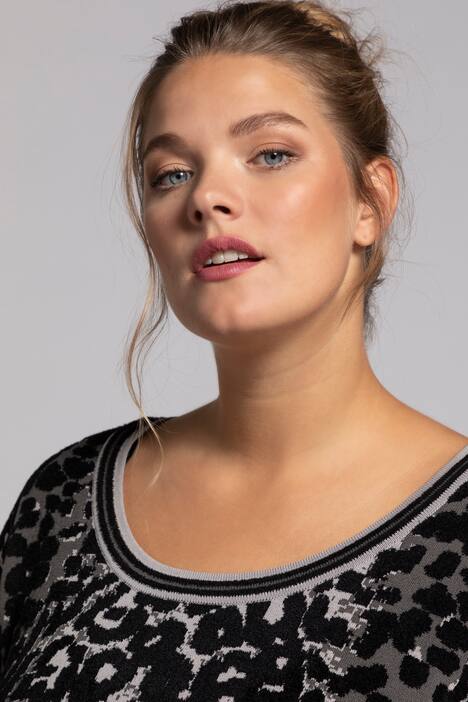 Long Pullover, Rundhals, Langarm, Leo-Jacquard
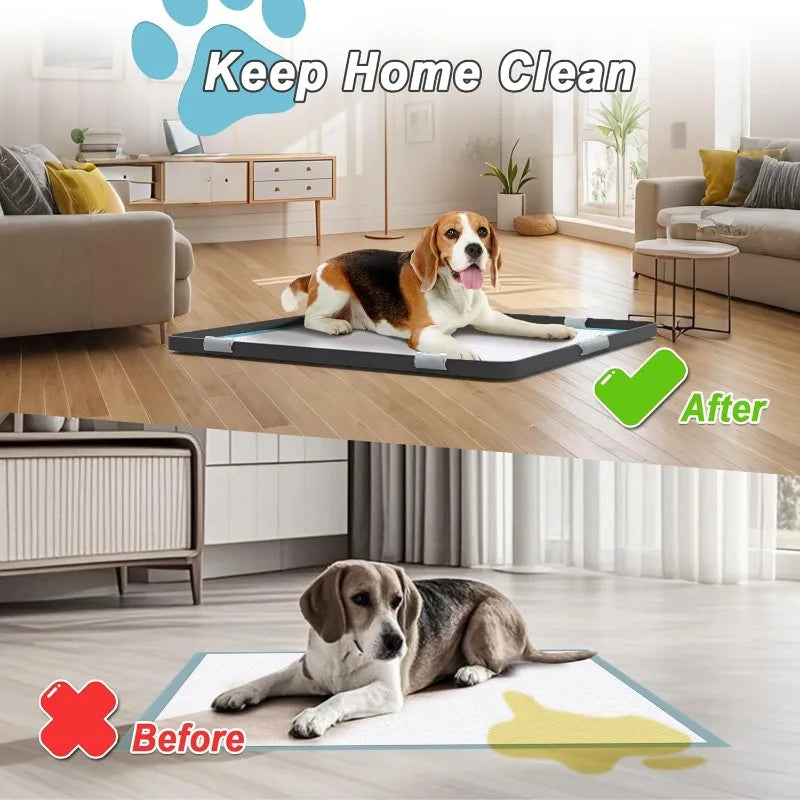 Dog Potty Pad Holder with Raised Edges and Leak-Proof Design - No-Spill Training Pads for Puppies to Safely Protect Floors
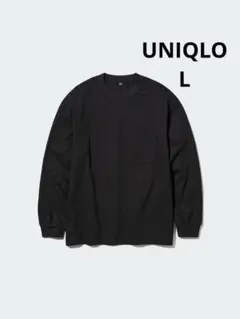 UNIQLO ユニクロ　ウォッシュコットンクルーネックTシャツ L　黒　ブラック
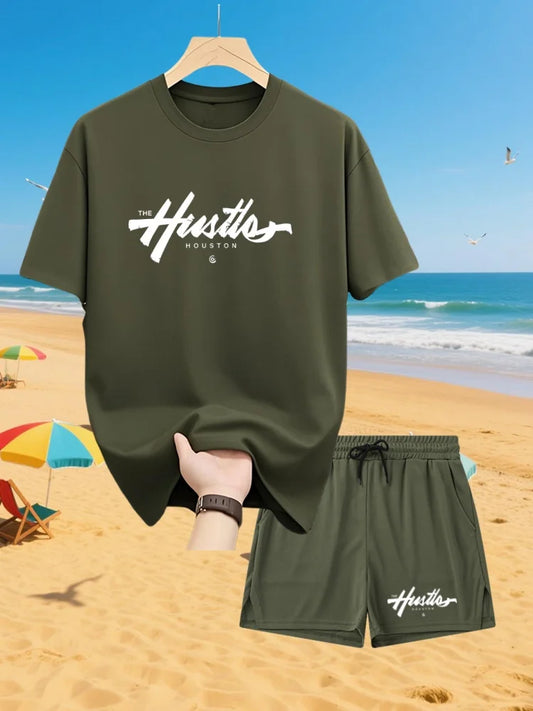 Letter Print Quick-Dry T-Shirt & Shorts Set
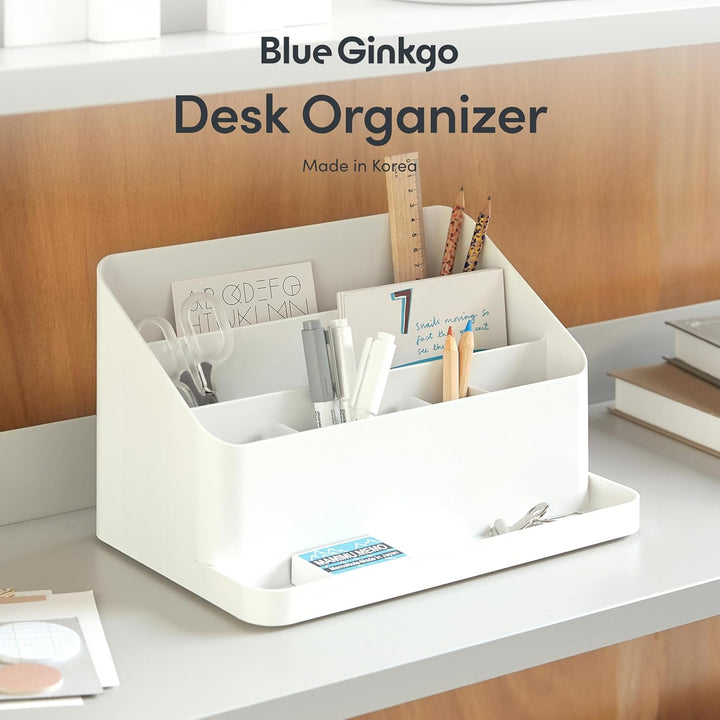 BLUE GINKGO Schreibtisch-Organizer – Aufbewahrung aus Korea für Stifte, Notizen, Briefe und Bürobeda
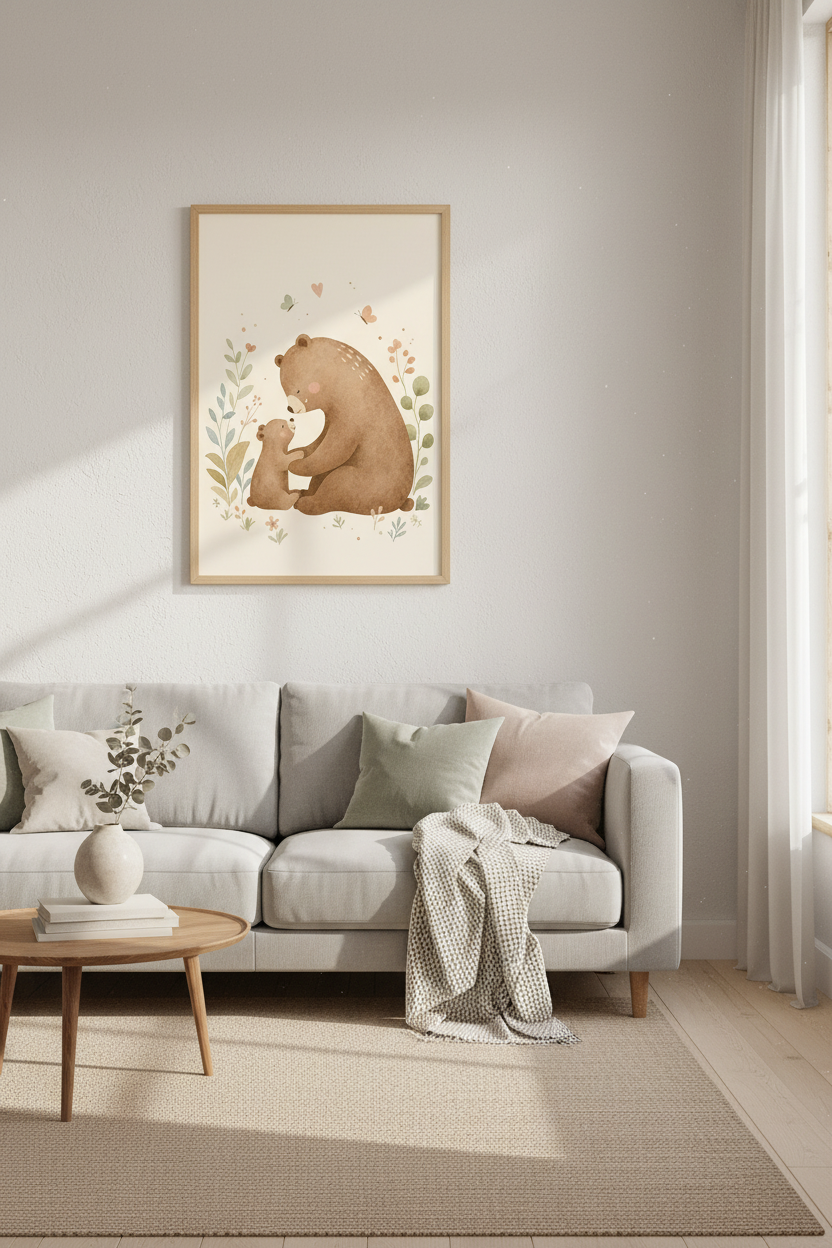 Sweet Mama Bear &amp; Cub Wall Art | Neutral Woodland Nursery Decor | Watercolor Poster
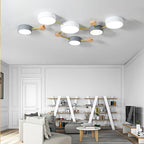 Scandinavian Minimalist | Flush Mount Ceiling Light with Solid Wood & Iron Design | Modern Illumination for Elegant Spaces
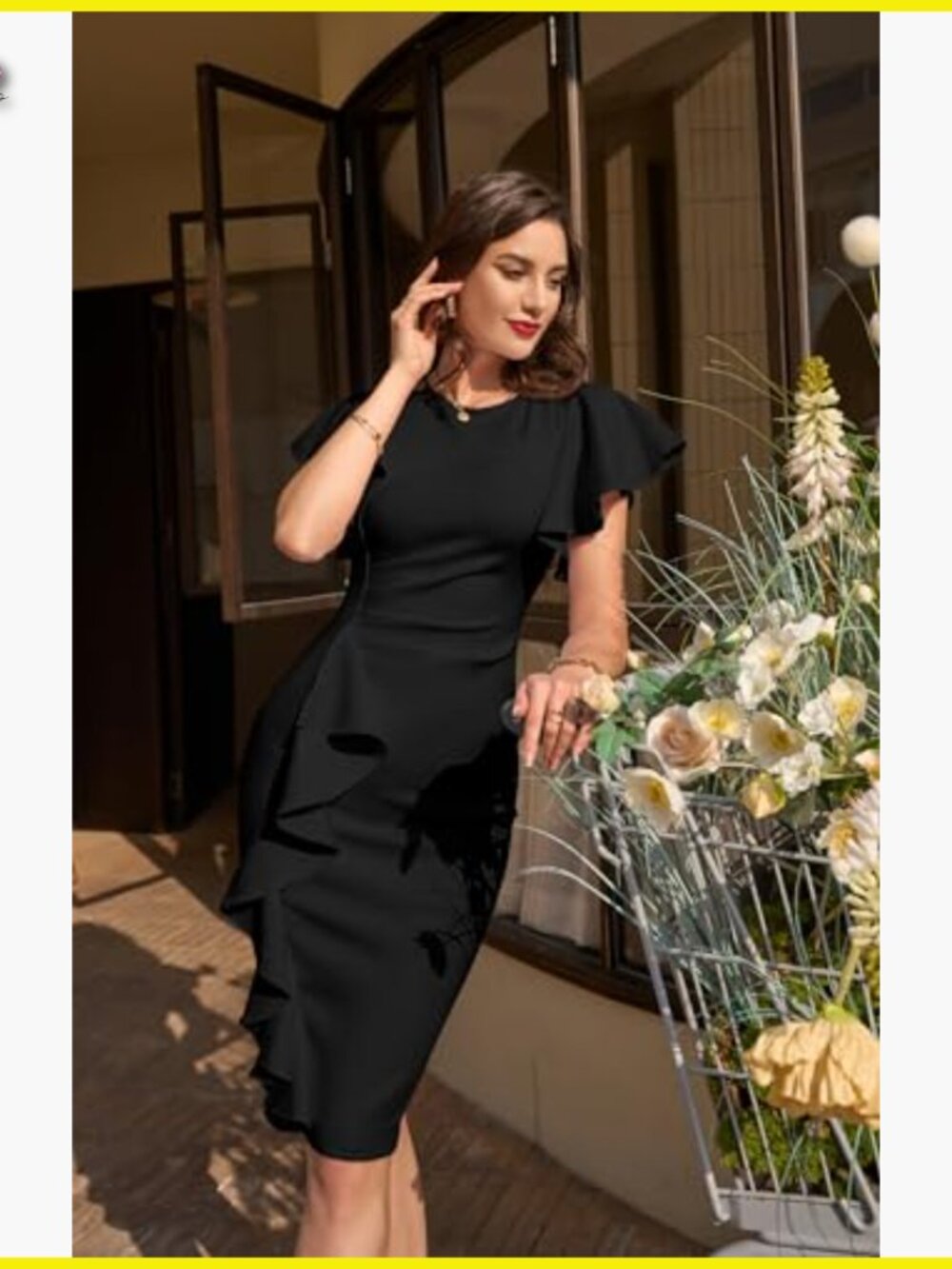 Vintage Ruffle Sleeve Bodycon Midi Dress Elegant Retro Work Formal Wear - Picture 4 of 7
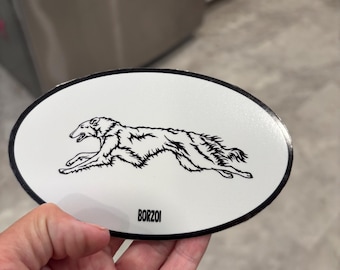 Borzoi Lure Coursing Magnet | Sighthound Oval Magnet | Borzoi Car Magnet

[Description of the task]:
Only exact copies are wanted here. Write out the lines from the one containing "Vintage Ruffle Sleeve" through the end of the material and no others, omitting all pictures.

[Task result]:
 Vintage Ruffle Sleeve Bodycon Midi Dress Elegant Retro Work Formal Wear - Picture 4 of 7
 Borzoi Lure Coursing Magnet | Sighthound Oval Magnet | Borzoi Car Magnet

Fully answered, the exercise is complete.